The Museum of the Bible in Washington, DC, has acquired one of President Trump’s two Bibles that he used to take the oath of office on Inauguration Day, 2017.
Trump’s childhood Bible will join several other Bibles used by American presidents that are currently on display at the privately-funded museum.
“We are honored to add this piece of our nation’s history to our growing exhibit of presidential Bibles,” Museum of the Bible President Cary Summers said in a statement. “It is our hope that guests will be able to learn not only about each president’s unique Bible, but also about the influence this book has had on government and elected officials around the world.”
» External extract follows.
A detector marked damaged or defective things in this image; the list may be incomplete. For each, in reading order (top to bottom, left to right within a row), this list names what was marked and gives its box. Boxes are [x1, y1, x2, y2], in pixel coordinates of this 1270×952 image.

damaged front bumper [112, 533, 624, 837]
The 45th president used the Revised Standard Version (RSV) Bible several times throughout the 2016 campaign and during his inauguration ceremony, where the Bible rested on top of President Abraham Lincoln’s Bible while he took the oath of office. The Lincoln Bible had been used for President Lincoln’s swearing-in ceremony in 1861.
Trump carried the Bible—which his mother Mary Anne gave to him—to his Sunday School classes at First Presbyterian Church in Queens, New York.
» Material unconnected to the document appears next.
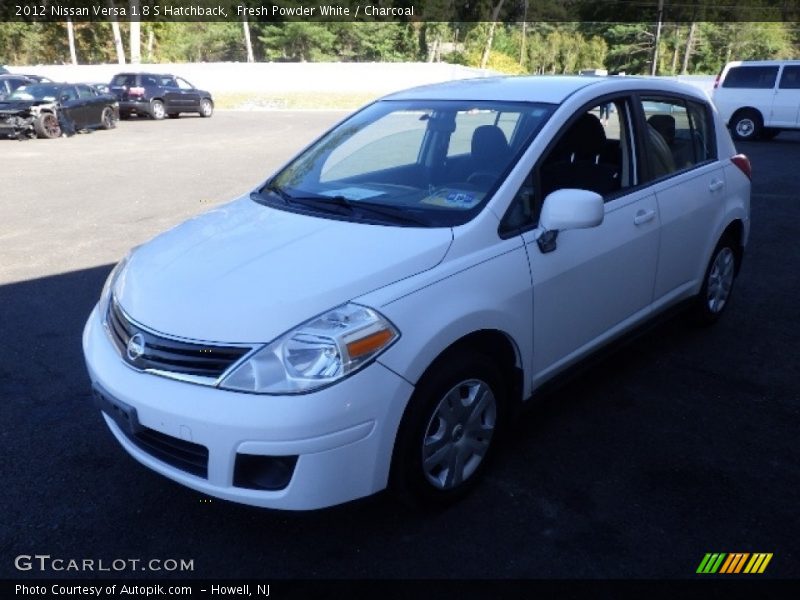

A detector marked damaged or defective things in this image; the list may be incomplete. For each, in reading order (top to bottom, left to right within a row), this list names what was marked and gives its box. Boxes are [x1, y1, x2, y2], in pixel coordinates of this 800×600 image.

black damaged car [0, 82, 119, 139]
wrecked car [0, 82, 119, 139]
“My mother gave me this Bible, this very Bible, many years ago,” Trump said in a campaign video from Trump Tower. “In fact it’s her writing right here. She wrote the name and my address, and it’s just very special to me.”
The Museum of the Bible placed the president’s Bible alongside the Bibles of several other presidents—including Harry S. Truman, Dwight D. Eisenhower, George H.W. Bush, and George W. Bush—in the museum’s “Bible in the World” exhibit on the second floor.
The D.C.-based museum opened to the public in November.